オランダのフィテッセを退団し、未所属となっていた元日本代表MF本田圭佑の新天地がブラジルのボタフォゴに決定した。現地メディアが1月31日、報じている。
昨年6月から所属先が決まらない状態が続いていた本田は、ロシア時代の恩師レオニド・スルツキ監督からのラブコールを受ける格好で、11月に晴れてフィテッセへの加入が決まっていたものの、チーム移籍後すぐにスルツキ監督の退任が決まるや否や、後を追うように本田もフィテッセから退団となっていた。
2020年東京五輪へのオーバーエイジ出場を願う本田は今冬の移籍マーケットで新たな所属先を模索していたところ、ようやくボタフォゴと2020年12月までの契約を締結。ブラジルのスポーツメディア「Lance」などが報じている。
フィテッセでは形となるような戦績を残せず、わずか1カ月での退団が現地でも物議を醸していた本田だが、それでも尚、マーケットでの“人気銘柄“として、中堅以下のクラブから一定の需要が存在するのにはワケがある。

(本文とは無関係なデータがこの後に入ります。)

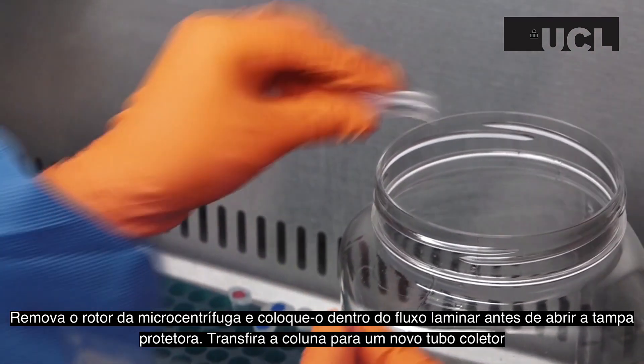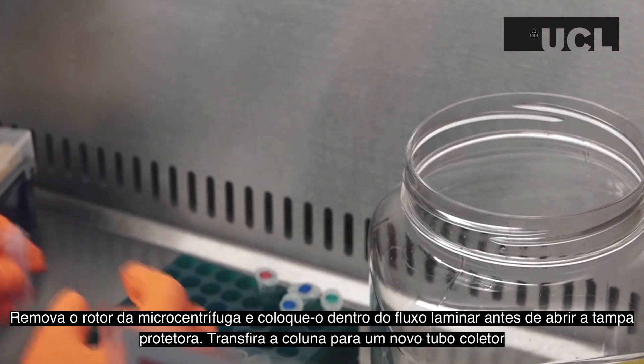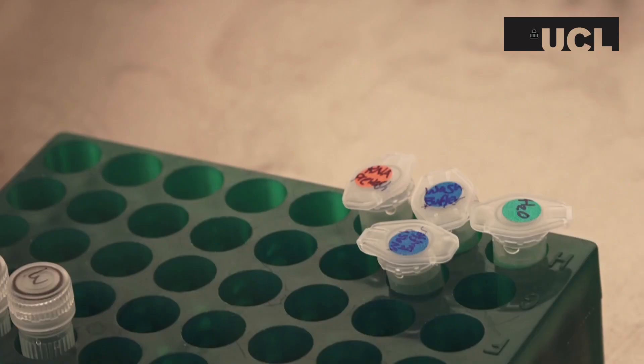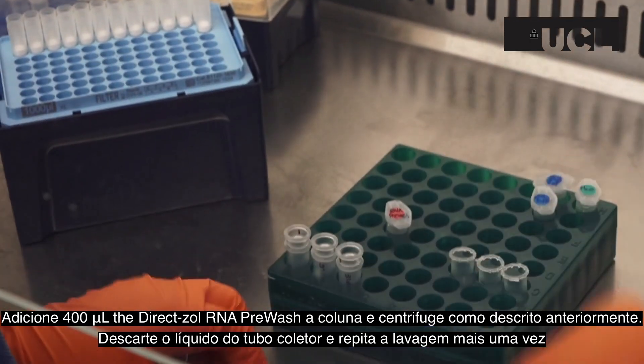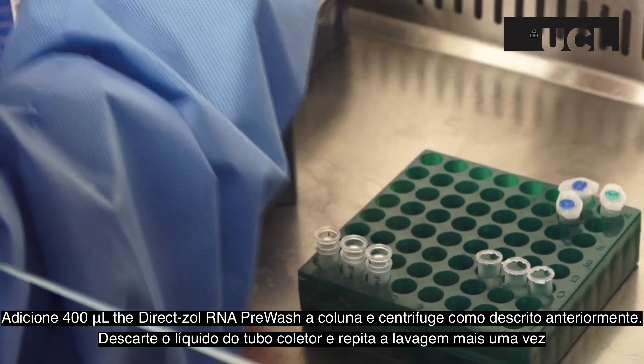Remove the bucket from the microcentrifuge and place back into the microbiological safety cabinet before opening the bucket. Transfer the column into a new collection tube. Add 400 µl of DirectSol RNA pre-wash to the column and centrifuge as described before.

「直近3年間の本田のプレーヤーとしての実績はお世辞にも“ワールドクラス“とはいえず、ハイレベルなヨーロッパから離れ、主にメキシコやオーストラリアなどでプレーし、かつて所属していたイタリアのセリエAからは2ランクほど下がる環境でした。しかも年齢は33歳。そんな本田に対して、縁もゆかりもないブラジルのボタフォゴがオファーを出したのはやはり本田を保有しておくことで生じる版権やグッズ収入、さらには放映権料の上昇なども狙いの一つでしょう。現在のブラジルリーグのクラブはその多くが財政難に苦しんでおり、“本田特需“による収益増加はいまだに魅力的な案件。極端な話、本田がピッチでゴールやアシストといった活躍をしなくても、ベンチに座らせておくだけで大幅な増収が見込めます。あの強豪ミランが、ほとんど活躍していなかった本田を契約満了まで頑なに放出しなかったのもマーケティング面での旨みが突出していたからだとされています」(スポーツライター)
もちろん、五輪出場への想いを馳せている本田自身はピッチ上で結果を残したいと強く願っているはずで、ボタフォゴを指揮するアウベルト・ヴァレンティン監督も本田について「選手としてのクオリティーが高く、経験も豊富。まだまだやれると思う」とコメントしており、世界各国のプロリーグを渡り歩いてきた本田の経験値を評価している。
初挑戦となるブラジルの地でかつての輝きを取り戻すことはできるだろうか。